Non seulement ces lettres sont pleines de vie et d’entrain mais également de franchise et de bon sens. Les deux amis s’écrivent comme ils pensent, avec qualité et ferveur, c’est un régal que de les lire. Avec beaucoup d’humour et d’ironie lorsque Miller aborde sa vie amoureuse et que Durrell plaisante sur le sujet. C’est que six mariages et une quantité impressionnante de liaisons amoureuses ont de quoi nourrir les conversations.
Beaucoup d’émotion lorsque les deux correspondants abordent leurs petits maux quotidiens, lorsqu’un rhume chez Miller prend des allures de drame national. Le regard bienveillant de Durrell n’est jamais loin. Un vieux couple d’amis très touchant.

Mais ce n’est pas tout, Miller et Durrell échangent à propos de littérature et des écrivains, la plupart du temps en bien, à souligner à une époque où il est de bon ton de casser du sucre sur ses collègues scribouillards. Des lectures communes qui noircissent des pages entières, des informations échangées à propos de tel ou tel auteur… on réalise rapidement que les deux hommes lancent un regard global et actualisé sur ce qui se passe autour d’eux.
Notamment la guerre dont ils parlent à demi mots ou en tentant de ne pas se démoraliser. Les petites aventures de tous les jours servent de métaphore à ce qui se produit, quelques allusions permettent de prendre la température devant l’ampleur du désastre psychologique provoqué par le conflit mondial.

C’est beau, intime, pudique, cela réclame le respect pour deux hommes qui s’apprécient et n’ont pas peur de le dire. deux amis qui se congratulent et se consolent, partagent leurs tourments grands et petits, vivent leurs vies ensemble en étant pourtant séparés par un océan. La mort y mettra un terme. Peut-être.
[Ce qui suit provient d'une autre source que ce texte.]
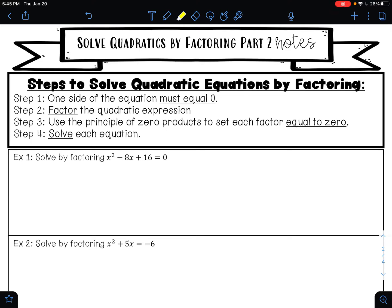In this video we are going to learn how to solve quadratic equations by factoring. In a previous lesson all of our equations were already factored for us, so all we had to do was use the principle of zero products to solve. When I look at these examples here, you'll notice that these are not factored, and so what we are going to have to do is factor it first.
Ils étaient trop amis pour ne pas avoir trouvé la combine qui leur permet d’encore échanger leurs clins d’œil malicieux.
Les coulisses de deux vies 6 étoiles

Se dévoilent en effet beaucoup de choses : leurs manières de travailler, leurs livres que l'on sent se construire peu à peu, leur admiration réciproque, leurs avis sur l'Art, le surréalisme, la guerre, leurs voyages, la beat génération etc... Plus de quarante ans d'échanges ! Une porte entrebâillée sur les coulisses de deux vies.

Bon, bien sûr cela reste une correspondance avec tout ce que l'on peut reprocher à un tel recueil : parfois écrit à l'arraché, un peu barbant par moment, après tout ce sont des lettres privées non destinées à être étalées sous les yeux du public ! Mais passons.

Un sympathique "à côté" à réserver aux inconditionnels de l'un ou l'autre -voire les deux !- auteur(s).